While the situation has been bad, the festive season is expected to inject some hope among broadcasters. The festive season spending increases by almost 25% on television and the English genre is hoping for some respite.
Srivastava said, “NTO dropped the volumes of advertising. We are expecting these to spring back with the festive season. We are already seeing green shoots appearing from the advertising point of view. Not all networks have been able to adapt to the NTO very well. Some of us have been quite prepared to handle the flux in the market. It might be because many of these networks have Hindi GECs as their primary focus area, but for us, our EEC is the most important piece.”
Not everyone agrees that festive will bring any good news for this genre, though it might be a very short-term relief. Pachisia said, “The ad rates on English genres are significantly coming down and the genre is getting more desperate with time. Festive won’t be a big help too, since they will be used as frequency builders for obvious advertisers like FMCG, auto, jewellery and some others. This increase will only be for a month or so, not more though. Because of clutter that the festive advertising brings, these advertisers might use frequency to out-shout others. English news is still not affected much, but English entertainment and movies are the worst hit. News is pretty much guarded since it is very habitual.”
Change in strategies
With the changing ecosystem, the strategies have to be better targeted. Time and again, the broadcasters in the category have tried to revive themselves, by bringing content sooner, fresher and exclusively on their respective platforms.
We asked broadcasters if their strategies include going deeper in the Indian market, beyond the metros or to cut costs.
Shah from Zeel said, “English category has largely always been a metro phenomenon. However, NTO has homogenised the whole nation, in the sense that a person sitting in the mega cities and someone in the remote town of UP is paying the same to get an English movie channel. Also, the probability of them picking up the channel is the same. NTO has expanded our TG from the six megacities to all of India and these audiences are open to consuming high-quality English content. In order to reach these audiences, we crafted specialised campaigns for our channel brands and properties. Our ad campaigns like our MRP campaign #WhereIsMyChannel, BBC First campaign #ShakenAndStirred and the Venom Anthem reached out to a wider audience base.”
Asked whether there will be cost-cutting on programming costs, Srivastava said, “Acquisition costs will have to be rationalised, in the sense that we will look at value for money in a more stringent manner. But we are very clear that neither the channel brands nor the consumers should suffer. Our reach has been the least affected in the genre, and hence the cost of acquisition per user hasn't really increased for us. Most of the transition that had to happen on ground has happened. Minor tweaks will keep on for some more time, like people will keep changing and activating/ deactivating the packs.”
The trouble with the genre is that cutting down the programming cost brings a fear of losing subscriptions. However, given the current situation, everyone’s bleeding at the bottom line. How long will a channel have to hold on to this situation?
“This is not a time for any knee-jerk reaction.

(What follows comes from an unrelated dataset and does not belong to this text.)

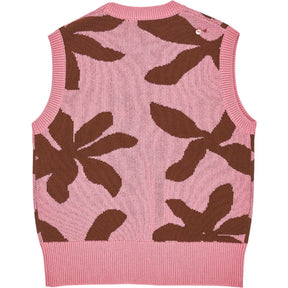 OMNES Pink Brown Floral Knit Vest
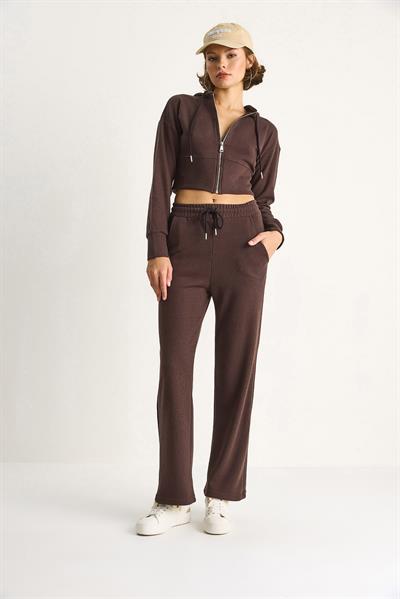 Kadın Fitilli Örme Kumaş Rahat Kalıp Kapüşonlu Fermuarlı  Alt-Üst Takım 2030  60284064 - Kahve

The focus right now is on getting back our subscription numbers and offering more engaging and entertaining content. Viewer is at the core of our strategies. Keeping in mind the viewers’ tastes and preferences to consume up to date and trending content, we have been fine-tuning our content curation to adopt a TV-first approach on Zee Café, where over 70% of our content is available only on Zee Café, and nowhere else (on any other platform),” said Shah.